代表理事 田口 晃

2018年1月5日

「北のNPO基金」の母体である「北海道NPOファンド」は、もともと越智喜代秋さんの遺贈を原資に1999年に立ち上げられた「越智基金」から出発しています。越智さんの遺志は非営利市民活動を支援して、北海道を元気にしたいというものでした。当時の世界、日本、北海道はといえば、大きな変動期にはいっていました。政府・行政の役割が問い直され、限定され、代わって市場での「自由」な企業活動が称揚される一方、その営利一辺倒の活動の限界も指摘されたのです。そこで、もう一つの活動の仕方、非営利市民活動、日本ではNPOに注目が集まったのでした。権力を媒介に税を集めて配分する政府・行政、利潤の最大化・極大化をめざして営利活動を営む企業にくわえて、さまざまな社会的価値を使命・ミッションとして実現したい人たちの非権力的・非営利市民活動も大切だ、というわけです。実際これからの地球人類世界は政治社会、経済社会と非営利活動中心の市民社会という3タイプの社会の組み合わせで動いて行くほかないことが21世紀にはいってますますはっきりしてきました。
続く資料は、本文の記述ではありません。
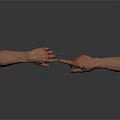 Human Hands With Fingers Pointing Towards Each Other On Gray Background With Reflection 3d model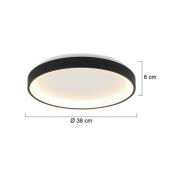 Ringlede LED-kattovalaisin, musta, korkeus 6 cm, Ø 38 cm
ところで、非営利市民活動の資金源は会費、事業収入とならんで寄付が柱の一つになっています。そのことを越智さんは知悉しておられ、遺産の一部を寄付してくださったことでした。その後、幸いにして、日本でも寄付に対する理解が深まり、災害支援は勿論のこと、それ以外にも、様々な人々の思いを実現させるために、多様な寄付の形が模索されてきたことは皆さんよくご存じでしょう。当「北海道NPOファンド」にもいろんな方から寄付を頂くようになり、ありがたいことでした。さらに学問の分野でも、寄付・贈与の特別な性質をめぐって文化人類学や社会学の研究が深められ、いまでは、近代資本主義以前からあって、さらに将来それを越える人類史的な射程を持ち、即物的な売買行為や占有では満たされない深い満足をもたらす現象であることも判明しつつあります。

昨年、札幌市から認定NPO法人に認めて貰ったのを機に、わたしたちは「北海道NPOファンド」を再編成の上、「北のNPO基金」として改めて出直すことに決めました。新しい基金は、寄付者の方々と、非営利活動を実践されている方々の多様、多彩な思いや夢に対応できるよう、例えばクラウドファンディング的な枠組みを取りこむなど新味を加え、さらに、みなさんのご希望やご期待にかなった新たな展開もできるよう工夫を凝らしています。皆さんに寄付してよかったと思っていただけるような運営をめざし、皆さんと一緒に北海道、日本、世界を元気にして行く一助になればと、一同念じている次第です。